What hurts, she said, is that messages she hears from state leaders don’t seem to match up with reality.
“It is systemic,” she said. “A big part of the problem is the state’s unwillingness to have strong language around this and putting it back on the responsibility of the parents.”
Off the radar
Remote learning is “super hard” for 10-year-old Oliver Parker, who until recently could only handle about 15 minutes of online learning a day.
“I don’t like seeing 26 faces at once,” said Oliver, who is autistic. He has trouble in social situations and with sensory processing. Classmates, he said, “are always interrupting each other. It’s hard to listen to.”
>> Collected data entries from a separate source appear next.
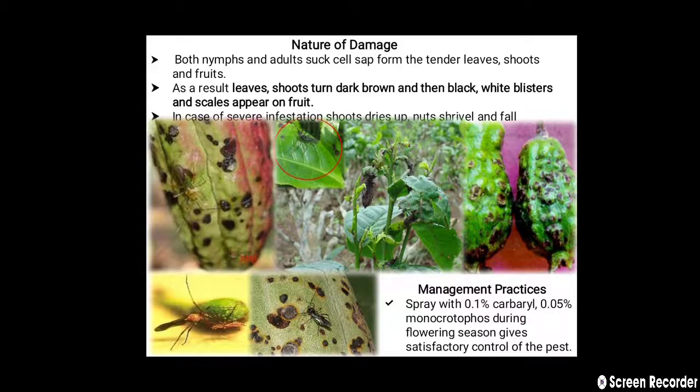In case of severe infestation, shoots dry up and nuts shrivel and fall down. These are the damage symptoms we can see on the image. For management, spraying with 0.1% carbaryl or 0.05% monocrotophos during the flowering season gives satisfactory control of the pest.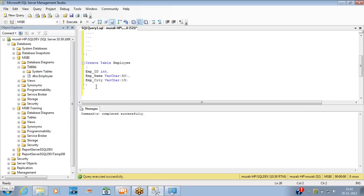We have finished creating the table and creating the database. The final step is loading or storing data in the database tables. Let me show you how to insert data into this table using INSERT queries.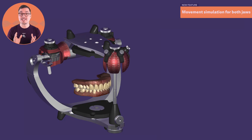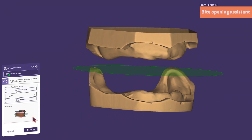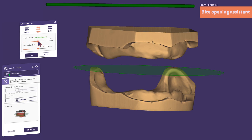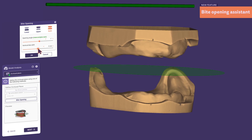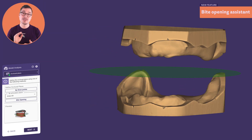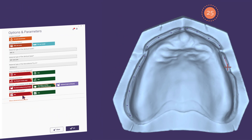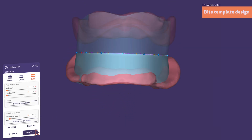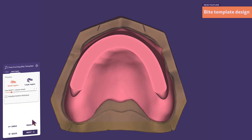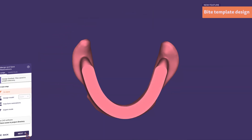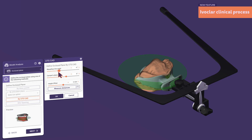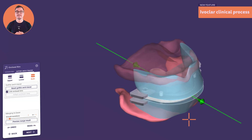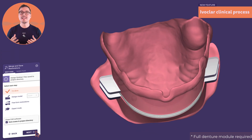The new bite opening option enables accurate virtual dimension adjustments for dual arch dentures. You can raise the bite around the articulator's axis by affecting the lower jaw, the upper jaw, or both jaws simultaneously, and shift one or both jaws independently. Bite templates are now available within the full denture module — simply select the new option, design both bases, and position the occlusal rim individually or by moving both jaws at the same time. You can also determine the occlusal plane using the Ivoclar UTS tray and add the Gnatometer tray to your bite template.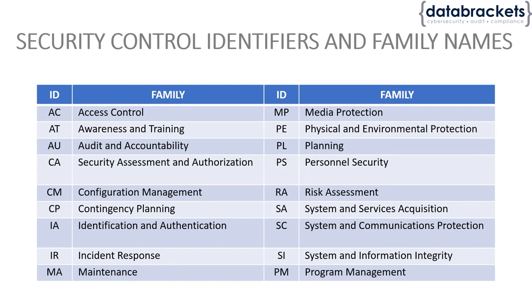They're talking about the specific access control item number five that's listed in 853.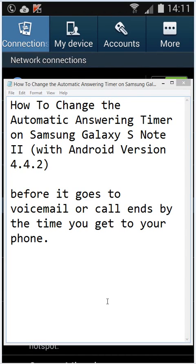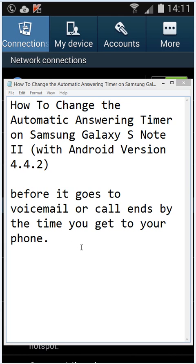Hello and welcome. This video will show you how to change the automatic answering timer on Samsung Galaxy S Note 2 with Android version 4.4.2, before it goes to voicemail or the call ends by the time you get to your phone.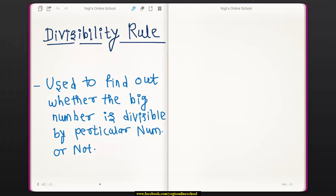Hi, in this lecture we will learn divisibility rules for different numbers. A divisibility rule is used to find out whether a big number is divisible by a particular number or not.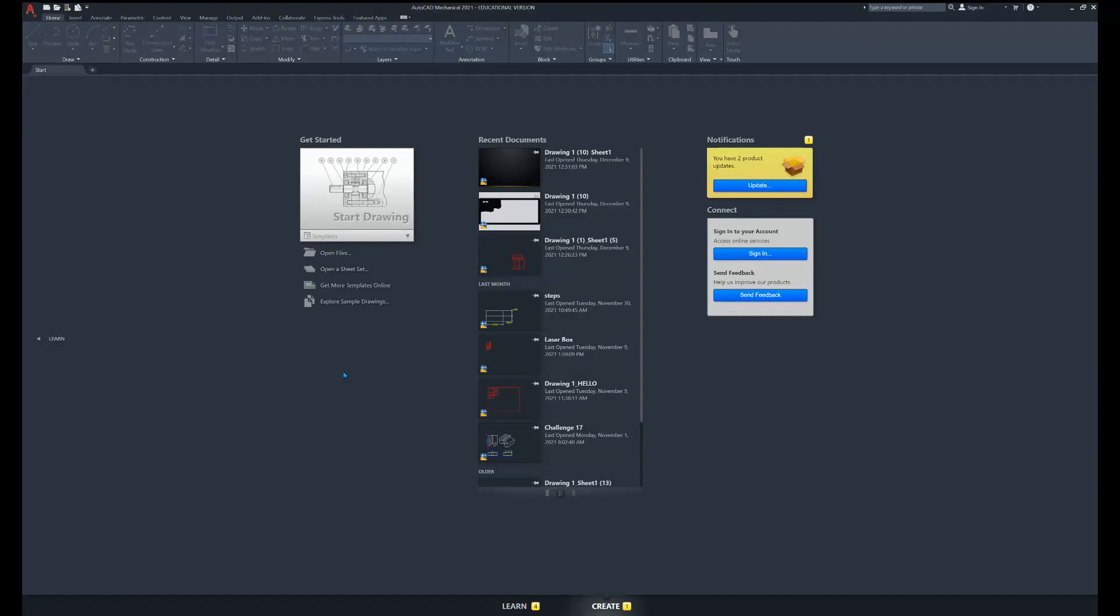Hey, here we go. AutoCAD edits. First thing I need to do is open a file. So right here, open file.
About two weeks ago, a district tutor began helping him for 30 minutes a day, five days a week, which has helped.
A private neurodevelopmental pediatrician, a clinical psychologist and a speech and language pathologist have assessed him. But Oliver, a fourth grader at Pathfinder K-8 in West Seattle, needed a separate evaluation by special education staff to decide if he qualifies for services. When the coronavirus arrived in Washington, this evaluation was put on hold indefinitely. “We were basically told that without [in-person] observation they can’t evaluate,” said his mother, Jana Parker.
Michelle Farrell, a Seattle special education teacher who works with blind and visually impaired children, said she understands and appreciates parents’ frustrations. Farrell has two children who went through the special education system in Washington. “But from the educators’ side, when we do an evaluation it needs to be completely comprehensive,” she said. “So yes, a big piece of that is reports from outside providers … but we need to assess not on a medical basis, but on an education basis.”
But few suspected — or planned — for the possibility that evaluations would be delayed past last school year, she said. “It’s now become evident to everyone that this isn’t going away anytime soon and we need to find ways to make it work.”
Officials in Seattle and elsewhere say such evaluations are now beginning in-person, or through a combination of in-person and remote observations. Seattle schools plan to complete more than 1,000 evaluations by Dec. 1, district spokesperson Tim Robinson wrote in an email; Parker recently heard that Oliver’s evaluation will be scheduled soon. Lake Washington had an evaluation backlog of 29 students; Bellevue officials said they had none. OSPI flags districts that don’t meet evaluations deadlines — which could result in reduced funds for those students, Gallo said.
Such delays are an extension of deep-rooted problems in special education, said Janis White, Seattle Special Education PTSA president. “But they are magnified by COVID and remote learning.”
Caroline recently tried to introduce her son to an iPad, though he’s still having trouble concentrating. She’s also gone back again to her son’s special education team to request more face-to-face learning. After The Seattle Times inquired about his case, the district on Friday added 2.5 hours to his daily instruction. Caroline said the extra time was offered on a trial basis.
“I’m telling them that I am already frustrated, and they said to me that their hearts are broken,” she said. “I don’t want their empathy. I want actions for the education of my son.”